Keesokan paginya, Elizabeth pergi ke gerbang penjara dengan secercah harapan dan memohon kepada penjaga, "Boleh saya bertemu dengan Esme Garcia?"

Saat Elizabeth baru masuk penjara, Esme sudah menjalani hukuman selama beberapa tahun. Esme merawatnya dengan baik, membantunya menghindari banyak kesulitan. Elizabeth tidak tahu latar belakang Esme tetapi bisa melihat bahwa dia berasal dari keluarga kaya.

Setiap bulan, seseorang dari luar selalu mengirimkan uang saku yang cukup banyak untuk Esme.

Beberapa ratus dolar yang Elizabeth miliki ketika keluar dari penjara adalah pemberian Esme.

"Esme sudah dibebaskan lebih dari sebulan yang lalu," jawab penjaga setelah menghitung waktu yang telah berlalu.

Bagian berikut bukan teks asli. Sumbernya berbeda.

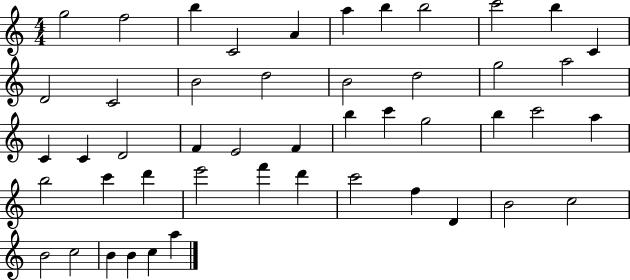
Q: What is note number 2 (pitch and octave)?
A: F5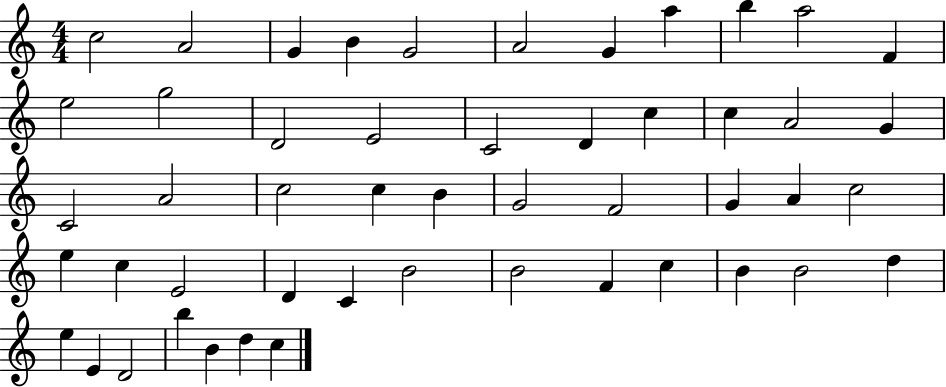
{
  \clef treble
  \numericTimeSignature
  \time 4/4
  \key c \major
  c''2 a'2 | g'4 b'4 g'2 | a'2 g'4 a''4 | b''4 a''2 f'4 | \break e''2 g''2 | d'2 e'2 | c'2 d'4 c''4 | c''4 a'2 g'4 | \break c'2 a'2 | c''2 c''4 b'4 | g'2 f'2 | g'4 a'4 c''2 | \break e''4 c''4 e'2 | d'4 c'4 b'2 | b'2 f'4 c''4 | b'4 b'2 d''4 | \break e''4 e'4 d'2 | b''4 b'4 d''4 c''4 | \bar "|."
}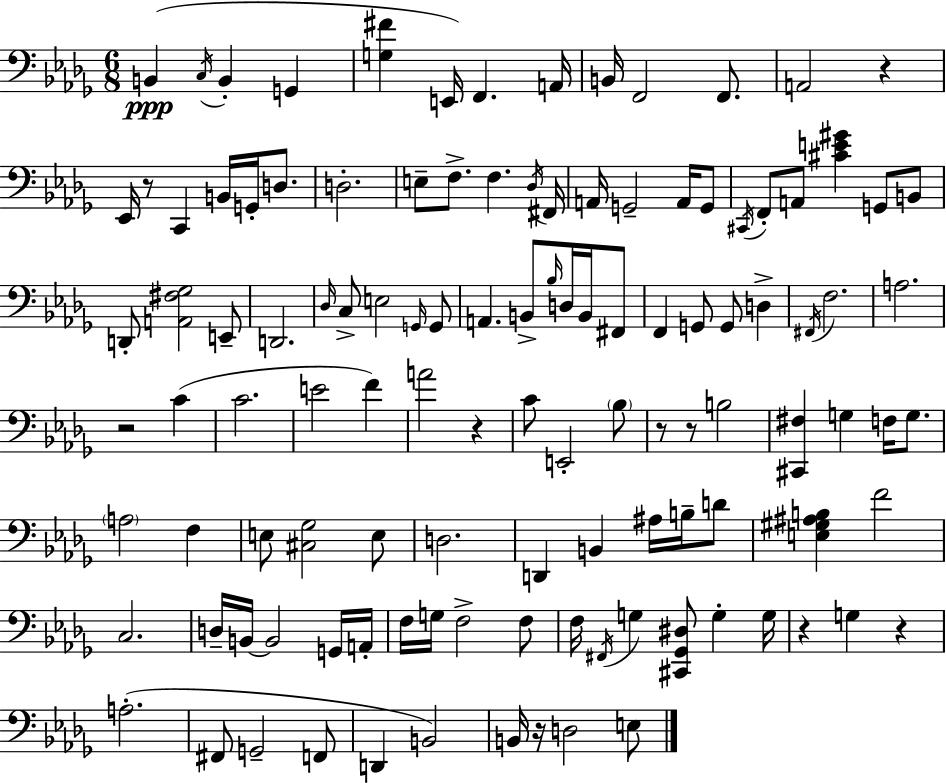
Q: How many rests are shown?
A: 9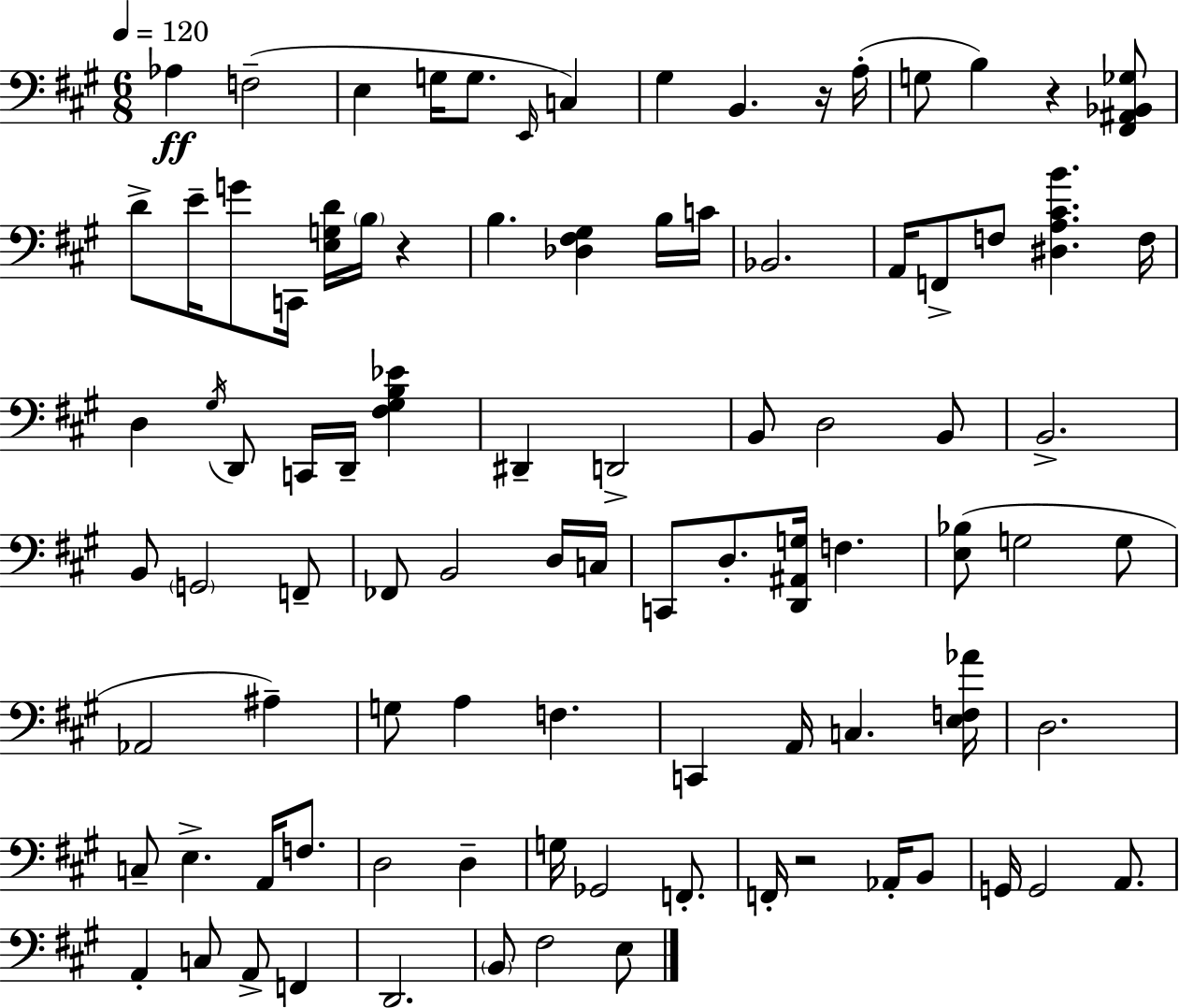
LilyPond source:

"Apa?" Elizabeth sangat terkejut.

"Kamu Elizabeth?" tanya penjaga tiba-tiba.

Elizabeth mengangguk sebagai jawaban. Dia menjawab, "Iya, saya."

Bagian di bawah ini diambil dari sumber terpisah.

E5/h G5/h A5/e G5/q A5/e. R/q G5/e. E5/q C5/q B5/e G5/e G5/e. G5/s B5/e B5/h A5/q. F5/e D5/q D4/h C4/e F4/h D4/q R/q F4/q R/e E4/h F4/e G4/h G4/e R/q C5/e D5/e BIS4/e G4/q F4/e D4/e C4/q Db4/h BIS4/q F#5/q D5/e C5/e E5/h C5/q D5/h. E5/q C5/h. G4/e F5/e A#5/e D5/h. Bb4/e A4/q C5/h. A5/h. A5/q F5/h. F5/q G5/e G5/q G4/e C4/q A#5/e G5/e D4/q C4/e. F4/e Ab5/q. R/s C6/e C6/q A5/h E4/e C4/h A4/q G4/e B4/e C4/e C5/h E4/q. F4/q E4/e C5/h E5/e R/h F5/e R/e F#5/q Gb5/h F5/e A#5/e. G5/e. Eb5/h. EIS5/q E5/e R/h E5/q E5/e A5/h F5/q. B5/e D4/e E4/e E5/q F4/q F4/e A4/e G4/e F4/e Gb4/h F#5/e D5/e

"Esme meninggalkan nomor telepon untukmu saat dia dibebaskan. Kamu dijemput oleh mobil mewah pada hari kamu keluar, dan kamu tidak merespon ketika saya memanggilmu," jelas penjaga sambil menyerahkan nomor telepon itu kepada Elizabeth.

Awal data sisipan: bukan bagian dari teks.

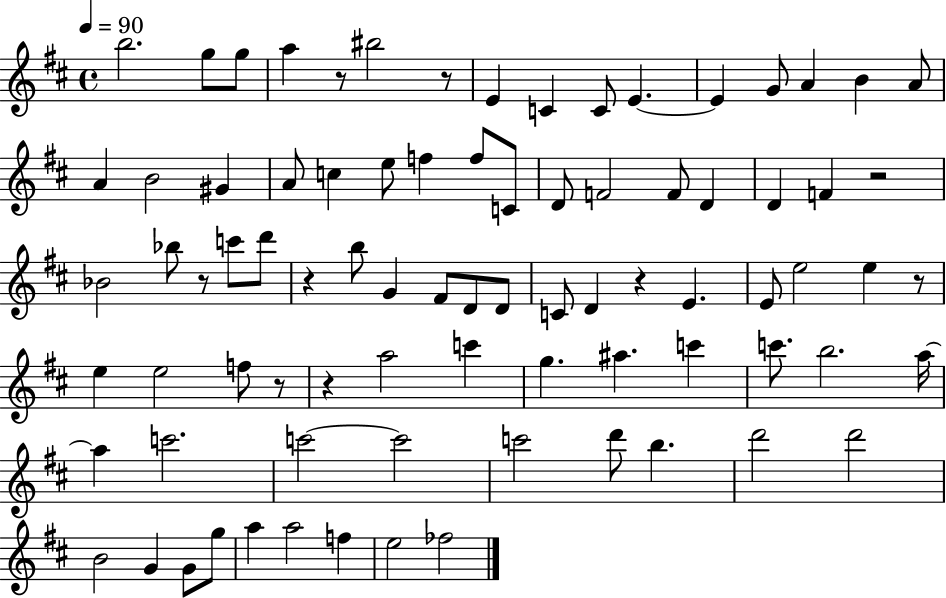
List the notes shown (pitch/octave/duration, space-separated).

B5/h. G5/e G5/e A5/q R/e BIS5/h R/e E4/q C4/q C4/e E4/q. E4/q G4/e A4/q B4/q A4/e A4/q B4/h G#4/q A4/e C5/q E5/e F5/q F5/e C4/e D4/e F4/h F4/e D4/q D4/q F4/q R/h Bb4/h Bb5/e R/e C6/e D6/e R/q B5/e G4/q F#4/e D4/e D4/e C4/e D4/q R/q E4/q. E4/e E5/h E5/q R/e E5/q E5/h F5/e R/e R/q A5/h C6/q G5/q. A#5/q. C6/q C6/e. B5/h. A5/s A5/q C6/h. C6/h C6/h C6/h D6/e B5/q. D6/h D6/h B4/h G4/q G4/e G5/e A5/q A5/h F5/q E5/h FES5/h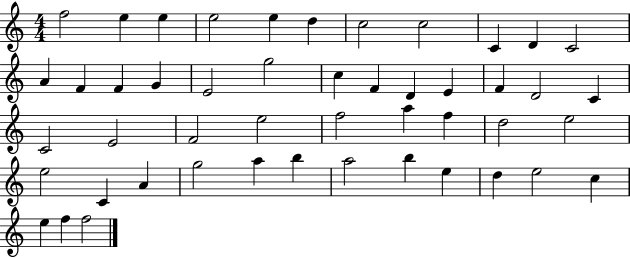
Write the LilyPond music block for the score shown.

{
  \clef treble
  \numericTimeSignature
  \time 4/4
  \key c \major
  f''2 e''4 e''4 | e''2 e''4 d''4 | c''2 c''2 | c'4 d'4 c'2 | \break a'4 f'4 f'4 g'4 | e'2 g''2 | c''4 f'4 d'4 e'4 | f'4 d'2 c'4 | \break c'2 e'2 | f'2 e''2 | f''2 a''4 f''4 | d''2 e''2 | \break e''2 c'4 a'4 | g''2 a''4 b''4 | a''2 b''4 e''4 | d''4 e''2 c''4 | \break e''4 f''4 f''2 | \bar "|."
}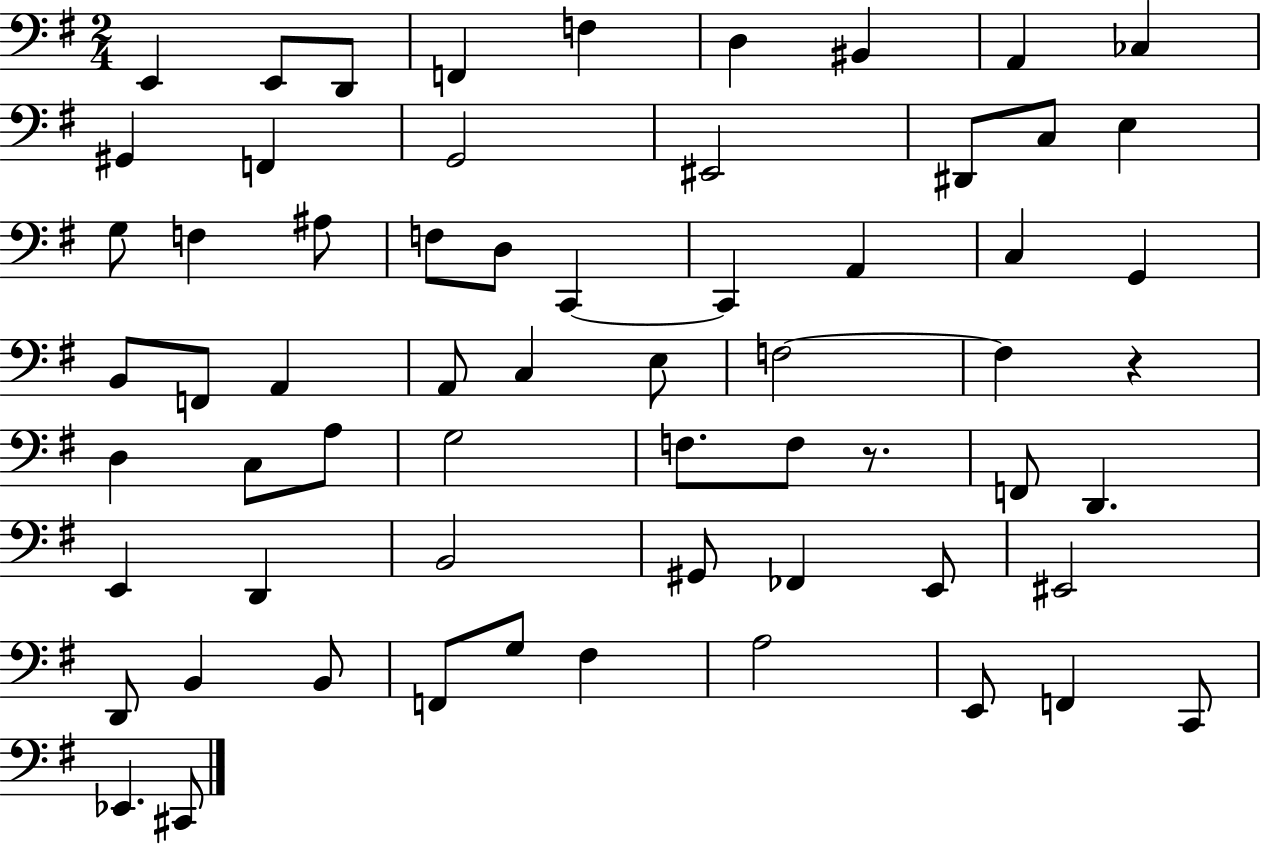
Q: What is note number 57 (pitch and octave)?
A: E2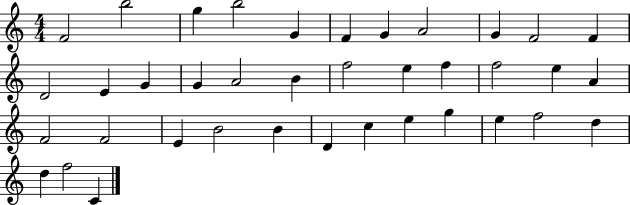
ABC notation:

X:1
T:Untitled
M:4/4
L:1/4
K:C
F2 b2 g b2 G F G A2 G F2 F D2 E G G A2 B f2 e f f2 e A F2 F2 E B2 B D c e g e f2 d d f2 C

Elizabeth berkata dengan penuh rasa terima kasih, "Terima kasih."

Dua jam kemudian, Elizabeth menemukan dirinya berada di ruang VIP di rumah sakit swasta paling eksklusif di Kota Sunwillow, bertemu dengan mantan teman sel penjaranya, Esme.

Esme berbaring di tempat tidur, tampak sakit, dengan mata setengah tertutup. Rambut putihnya masih memancarkan aura elegan dan bangsawan.

Elizabeth bisa melihat bahwa Esme pasti sangat cantik di masa mudanya, tetapi dia tidak tahu mengapa dia dipenjara.

"Bibi Esme?" panggil Elizabeth pelan.

Esme perlahan membuka matanya. Melihat Elizabeth, dia batuk dengan semangat sebelum menenangkan diri dan berkata, "Elizabeth, akhirnya aku bisa melihatmu. Aku menyuruh anak itu membawamu ke sini. Namun, dia terus memberitahuku bahwa kamu telah pulang kampung. Hari ini, kamu akhirnya kembali. Senang kamu kembali."

"Aku benar-benar baru saja kembali dari kampung halaman, Bibi Esme." Elizabeth membantu menutupi kebohongan itu.

Dia tahu bahwa anak yang disebut Esme pasti adalah putra Esme.

Elizabeth akhirnya mengerti bahwa pembebasan awalnya adalah karena putra Esme menarik beberapa tali untuk mengeluarkannya.

Sudah baik dia menyelamatkannya. Dalam keluarga yang begitu kaya, bagaimana mungkin dia mengizinkan Esme memiliki teman seperti dia?

Jadi berbohong kepada Esme bahwa dia telah pulang kampung bukanlah masalah besar bagi Elizabeth.

"Aku tidak pernah lupa bagaimana kamu merawatku di penjara. Tanpamu, aku tidak akan hidup sekarang, juga tidak akan melihat putraku," kata Esme, terharu hingga menangis.

Elizabeth menggelengkan kepala dengan santai. Dia mendesak, "Jangan bicara tentang itu, Bibi Esme. Aku tidak merawatmu dengan harapan mendapatkan imbalan apapun."

Dia memikirkan bagaimana cara meminta uang kepada Esme yang sedang sakit.

Menggigit bibirnya, Elizabeth mengambil keputusan. Dia berkata dengan ragu, "Bibi Esme, aku tahu aku tidak seharusnya memintamu pada saat seperti ini, tapi aku benar-benar tidak punya pilihan lain. Aku..."

"Apa itu? Sekarang kamu di sini, ceritakan apa yang mengganggumu," tanya Esme.

"Bibi Esme, bolehkah aku meminjam uang?" Elizabeth bertanya dengan kepala tertunduk, tidak berani menatap Esme.

"Berapa banyak yang kamu butuhkan? Aku akan memberikannya padamu," suara lembut terdengar dari belakang.

Elizabeth berbalik tiba-tiba, begitu terkejut hingga dia tidak bisa berbicara dengan jelas, "Kenapa kamu?"